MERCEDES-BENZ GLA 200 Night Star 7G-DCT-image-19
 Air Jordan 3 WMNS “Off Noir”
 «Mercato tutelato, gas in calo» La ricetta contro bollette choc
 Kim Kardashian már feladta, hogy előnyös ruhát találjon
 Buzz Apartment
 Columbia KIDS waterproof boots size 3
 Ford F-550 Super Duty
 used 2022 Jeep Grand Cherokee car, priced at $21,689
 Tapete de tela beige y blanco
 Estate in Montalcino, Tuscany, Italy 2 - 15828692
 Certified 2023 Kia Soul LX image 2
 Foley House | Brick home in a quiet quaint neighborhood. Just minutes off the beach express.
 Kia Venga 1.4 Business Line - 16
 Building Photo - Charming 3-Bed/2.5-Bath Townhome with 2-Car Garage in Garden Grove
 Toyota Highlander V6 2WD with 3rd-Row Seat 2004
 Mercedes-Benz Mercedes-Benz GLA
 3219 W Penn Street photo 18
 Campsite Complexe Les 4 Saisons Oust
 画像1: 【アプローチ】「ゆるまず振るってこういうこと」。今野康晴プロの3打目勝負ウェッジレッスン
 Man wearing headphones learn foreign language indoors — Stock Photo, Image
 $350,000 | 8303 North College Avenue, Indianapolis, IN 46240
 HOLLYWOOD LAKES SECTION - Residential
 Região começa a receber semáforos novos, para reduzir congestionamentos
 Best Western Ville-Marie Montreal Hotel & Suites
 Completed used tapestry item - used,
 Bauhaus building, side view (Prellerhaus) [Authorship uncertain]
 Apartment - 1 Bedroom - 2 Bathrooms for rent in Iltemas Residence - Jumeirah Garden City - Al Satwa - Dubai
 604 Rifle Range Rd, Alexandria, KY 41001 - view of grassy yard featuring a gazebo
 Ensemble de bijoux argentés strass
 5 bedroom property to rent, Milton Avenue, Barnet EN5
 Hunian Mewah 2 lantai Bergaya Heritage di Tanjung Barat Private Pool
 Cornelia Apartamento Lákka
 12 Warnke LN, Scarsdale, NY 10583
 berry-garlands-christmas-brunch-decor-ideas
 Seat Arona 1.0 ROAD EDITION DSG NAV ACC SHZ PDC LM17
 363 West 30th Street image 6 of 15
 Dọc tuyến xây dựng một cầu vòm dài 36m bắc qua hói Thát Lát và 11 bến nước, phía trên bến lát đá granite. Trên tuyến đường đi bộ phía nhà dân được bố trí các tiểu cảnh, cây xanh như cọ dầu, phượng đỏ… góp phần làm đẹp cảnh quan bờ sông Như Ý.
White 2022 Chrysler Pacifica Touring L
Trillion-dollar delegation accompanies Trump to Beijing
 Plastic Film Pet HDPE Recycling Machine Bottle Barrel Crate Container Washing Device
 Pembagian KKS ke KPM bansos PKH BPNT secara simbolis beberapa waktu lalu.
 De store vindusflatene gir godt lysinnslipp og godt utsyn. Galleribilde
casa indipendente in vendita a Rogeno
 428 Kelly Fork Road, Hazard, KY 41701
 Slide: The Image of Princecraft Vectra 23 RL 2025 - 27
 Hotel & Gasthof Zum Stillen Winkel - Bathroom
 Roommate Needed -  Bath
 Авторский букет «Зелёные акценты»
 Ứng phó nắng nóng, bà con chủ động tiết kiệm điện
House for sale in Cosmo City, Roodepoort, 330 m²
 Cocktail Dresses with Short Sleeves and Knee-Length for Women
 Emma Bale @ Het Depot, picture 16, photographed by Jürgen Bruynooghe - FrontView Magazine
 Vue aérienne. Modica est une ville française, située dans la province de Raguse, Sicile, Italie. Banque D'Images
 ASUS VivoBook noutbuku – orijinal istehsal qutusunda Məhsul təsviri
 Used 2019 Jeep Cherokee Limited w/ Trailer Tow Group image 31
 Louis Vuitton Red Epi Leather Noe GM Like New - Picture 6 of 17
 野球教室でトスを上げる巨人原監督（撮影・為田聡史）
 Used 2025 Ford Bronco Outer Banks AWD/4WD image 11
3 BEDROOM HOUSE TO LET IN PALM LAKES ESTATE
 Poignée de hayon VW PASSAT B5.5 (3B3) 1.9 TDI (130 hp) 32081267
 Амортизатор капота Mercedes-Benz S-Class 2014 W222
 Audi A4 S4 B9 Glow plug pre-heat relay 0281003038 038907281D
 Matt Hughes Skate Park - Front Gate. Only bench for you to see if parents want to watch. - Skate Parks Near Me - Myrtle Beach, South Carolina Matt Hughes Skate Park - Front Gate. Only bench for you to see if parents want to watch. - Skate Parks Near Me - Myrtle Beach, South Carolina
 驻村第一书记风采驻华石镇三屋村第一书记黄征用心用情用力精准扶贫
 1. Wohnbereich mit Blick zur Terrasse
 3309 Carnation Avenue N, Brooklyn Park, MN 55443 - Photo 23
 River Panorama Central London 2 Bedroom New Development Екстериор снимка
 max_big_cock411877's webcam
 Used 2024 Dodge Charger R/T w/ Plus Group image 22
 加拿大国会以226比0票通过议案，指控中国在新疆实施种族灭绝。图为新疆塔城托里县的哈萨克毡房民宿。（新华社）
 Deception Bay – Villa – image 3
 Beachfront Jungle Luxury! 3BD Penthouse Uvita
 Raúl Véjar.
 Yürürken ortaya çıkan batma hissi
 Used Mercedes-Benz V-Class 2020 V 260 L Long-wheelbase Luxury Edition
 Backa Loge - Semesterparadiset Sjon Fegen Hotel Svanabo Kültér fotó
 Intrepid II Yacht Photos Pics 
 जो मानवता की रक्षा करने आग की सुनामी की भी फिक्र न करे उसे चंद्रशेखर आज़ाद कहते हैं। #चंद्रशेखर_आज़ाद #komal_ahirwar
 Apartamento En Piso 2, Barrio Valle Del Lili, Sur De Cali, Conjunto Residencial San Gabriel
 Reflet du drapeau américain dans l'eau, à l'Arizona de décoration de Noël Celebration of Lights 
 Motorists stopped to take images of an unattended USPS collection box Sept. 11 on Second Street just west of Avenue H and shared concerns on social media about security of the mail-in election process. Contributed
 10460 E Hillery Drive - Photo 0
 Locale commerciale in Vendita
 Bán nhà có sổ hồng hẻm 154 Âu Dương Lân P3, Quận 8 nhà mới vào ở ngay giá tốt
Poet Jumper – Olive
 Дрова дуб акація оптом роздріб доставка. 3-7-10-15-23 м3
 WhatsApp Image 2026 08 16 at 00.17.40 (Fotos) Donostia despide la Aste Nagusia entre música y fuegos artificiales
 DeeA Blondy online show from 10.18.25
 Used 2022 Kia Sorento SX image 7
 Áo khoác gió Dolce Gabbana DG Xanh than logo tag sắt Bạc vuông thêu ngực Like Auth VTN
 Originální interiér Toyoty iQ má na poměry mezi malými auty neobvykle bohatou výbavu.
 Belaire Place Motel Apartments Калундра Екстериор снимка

━━━━━━━━━━━━━━━━

• **Task brief**
For this exercise, the answer is the lines from the one containing "Дрова дуб акація" through the end of the listing above, reproduced exactly.

• **Solution**
 Дрова дуб акація оптом роздріб доставка. 3-7-10-15-23 м3
 WhatsApp Image 2026 08 16 at 00.17.40 (Fotos) Donostia despide la Aste Nagusia entre música y fuegos artificiales
 DeeA Blondy online show from 10.18.25
 Used 2022 Kia Sorento SX image 7
 Áo khoác gió Dolce Gabbana DG Xanh than logo tag sắt Bạc vuông thêu ngực Like Auth VTN
 Originální interiér Toyoty iQ má na poměry mezi malými auty neobvykle bohatou výbavu.
 Belaire Place Motel Apartments Калундра Екстериор снимка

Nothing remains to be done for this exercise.